You have likely noticed that changing churches in North America have become commonplace for Christian families. Many of the reasons are legitimate such as relocation to a new community. Obviously a family should seek a new place to worship and serve if they are compelled to move away from a former church. Sometimes the reasons are not so legitimate, such as not liking the music. However, the point of this article is not to judge whether changing churches or the reasons are good or bad, legitimate or illegitimate. I want to address what any Christian should do before leaving any church for any reason. Here we go:
- Have a conversation with your pastor. This is so important. I will say to pastors at this point that when this conversation occurs, you should never plead with the one who is leaving to stay. I wrote an article on this recently called “Leaders Never Beg.” I want to say to the member who is leaving that the tone of this conversation should be marked by the following characteristics: Christ-like, humble, honest, appreciative, and genuine about the reason for your departure. “We are moving to another city.” That makes sense and your pastor will want to encourage you as you prepare to move. “The Lord is leading us somewhere else.” Is that right? Be honest. If something is bothering you, your pastor needs to know. Here is why. Suppose seven families leave in the course of six months. Further, suppose that five of them leave for the same reason. The pastor may pick up on a pattern that needs to be addressed. In business, this is referred to as an exit interview. If you are departing, you need to take this initiative. Meet with your pastor personally before you leave no matter the reason for your departure. Render to all what is due them: tax to whom tax is due; custom to whom custom; fear to whom fear; honor to whom honor. [Romans 13:7 HCSB]
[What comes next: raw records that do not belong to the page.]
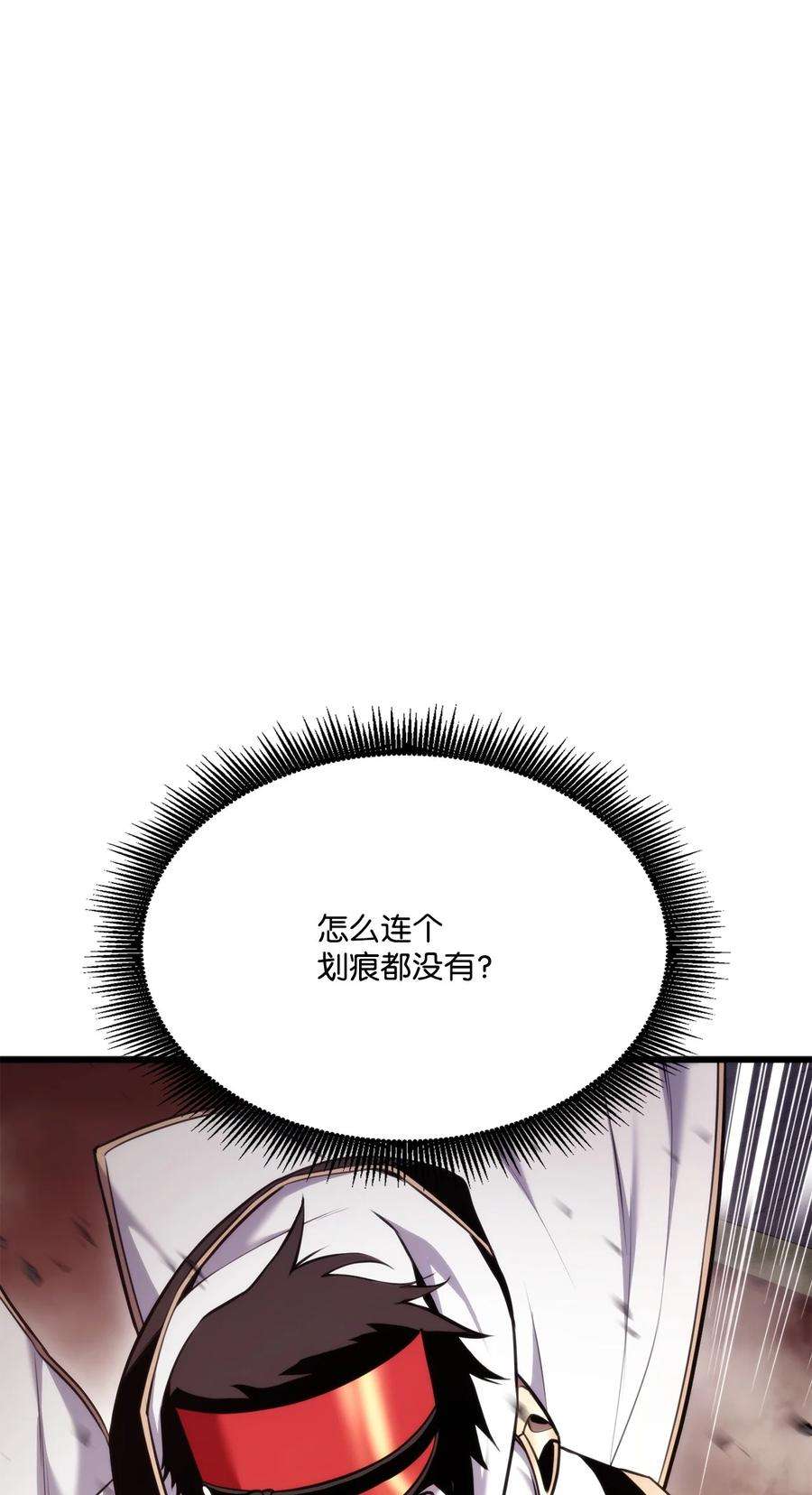 111.jpg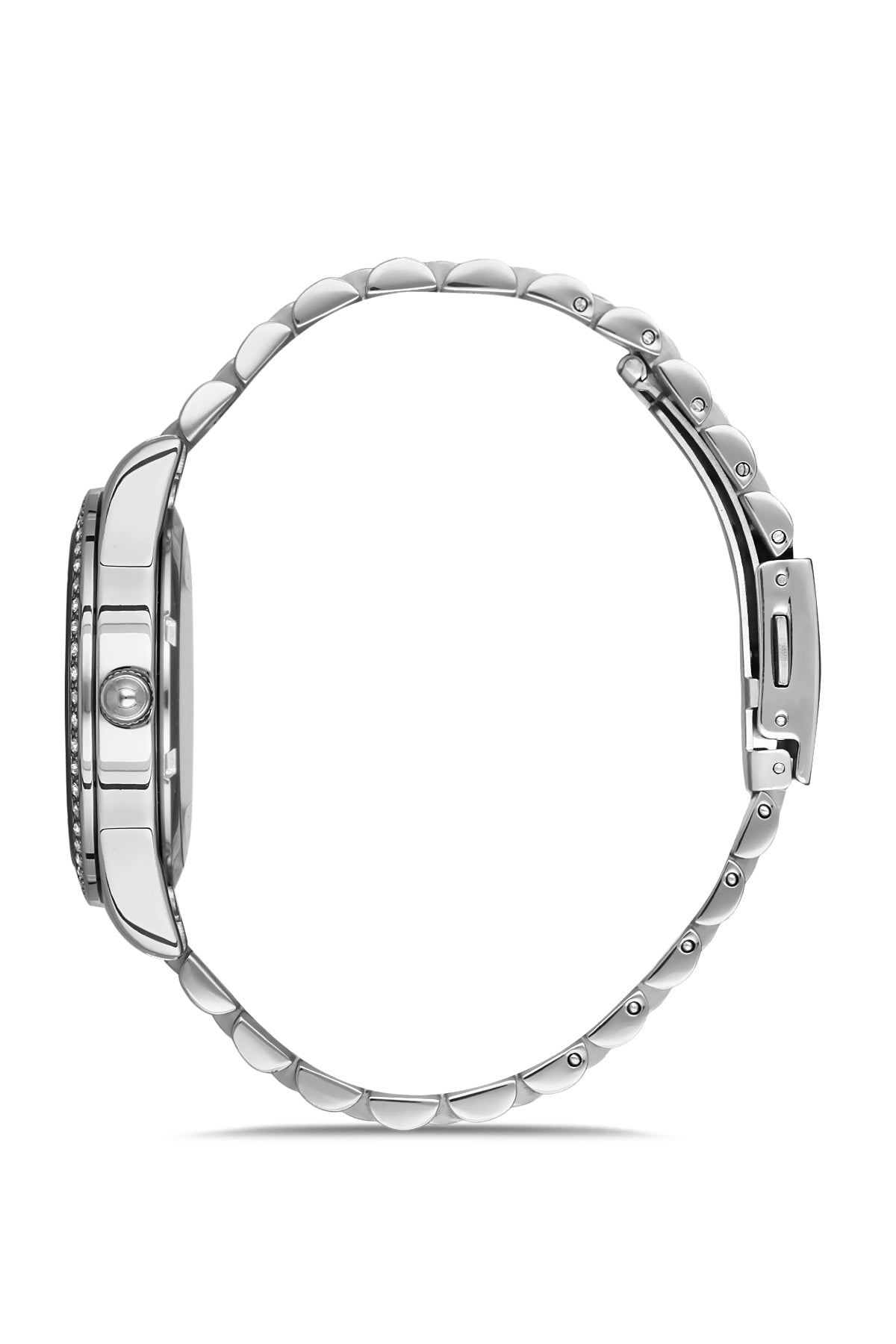 DANIEL KLEIN DK.1.12541-1 WOMEN WATCH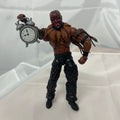 Boogeyman WWE Out Of Box Action Figure Jakks 2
- Seek reconciliation for any offense given or received. Are you upset with someone? Is someone upset with you? It happens. The church consists of people and where there are people there are opinions, personalities, decisions, mistakes, and often hurt feelings. It can happen to anyone. The Bible tells you what to do before you ever worship at another church. So if you are offering your gift on the altar, and there you remember that your brother has something against you, leave your gift there in front of the altar. First go and be reconciled with your brother, and then come and offer your gift. [Matt. 5:23-24 HCSB] You may or may not get a resolution. You may still choose to leave no matter the outcome. But you do have a responsibility according to God’s word to do all you can to leave on the right terms with those who have offended you or those whom you have offended. I will add one other note on this point: The absence of a resolution does not absolve you of your responsibility and the privilege of worship and service in the context of a local body of believers. Don’t drop out. Their errors are not God’s fault. 3. Completely fulfill ministry commitments. I have known Bible study leaders who resigned one Sunday and were gone the next. I have known deacons who left in the middle of a three year term (commitment). I have known church leaders who did not show up to fulfill obligations without making appropriate arrangements to fill the gap in their absence. Your decision to change churches does not absolve you of commitments that you made. You may mutually agree with leaders that it is best to step aside immediately or very soon, but the key here is “mutually agree.” When possible you should completely fulfill your commitment. When you cannot, you should give substantial notice and insure that your responsibilities are not left uncovered because they are “yours.” A decision to change churches on your part does not constitute an automatic release from your commitments. When you make a vow to God, don’t delay fulfilling it, because He does not delight in fools. Fulfill what you vow. Better that you do not vow than that you vow and not fulfill it. [Ecclesiastes 5:4-5 HCSB]
- Completely fulfill pledges. Have you made a financial pledge? The key here is the word “pledge.” You are the one that made it. You are the one responsible for fulfilling it. I appreciate that my opinion on this may not sit well with some people. Forget my opinion. Here is what the scripture says: But let your word ‘yes’ be ‘yes,’ and your ‘no’ be ‘no.’ Anything more than this is from the evil one. [Matthew 5:37] When you leave do not fail to fulfill your pledges even after you leave. I will add another personal note at this point. I sometimes do not like what is happening in my church. But I never withhold the Lord’s money from ministries in my church and the missions’ support that flows from it because of the decisions of any individual, group, or leader. My money belongs to the Lord and I do not use His money as a weapon or to make a point when I am at odds with church decisions.
- Continue to exemplify what it means to love God with all of your heart, mind, soul, and strength. Sometimes people go to a new church and back up on their level of commitment and service. Surprisingly, some people stop going to church altogether. Jesus was asked which of the commandments was most important. Do you remember the first and most important one? “Love the Lord your God with all your heart, with all your soul, and with all your mind. [Matthew 22:27] Those words from the Lord Jesus do not change when or if you decide to change churches and is certainly inconsistent with dropping out altogether. Don’t back up on your faith. Press forward with all that you’ve got. After all, Jesus is worthy of your best. Right?
You may need to change churches now or at some point down the road. Hopefully you can invest and serve through a local body of believers for years and years to come. But….if you must leave….don’t forget these five things that every Christian should do before they change churches. That will maximize your leadership!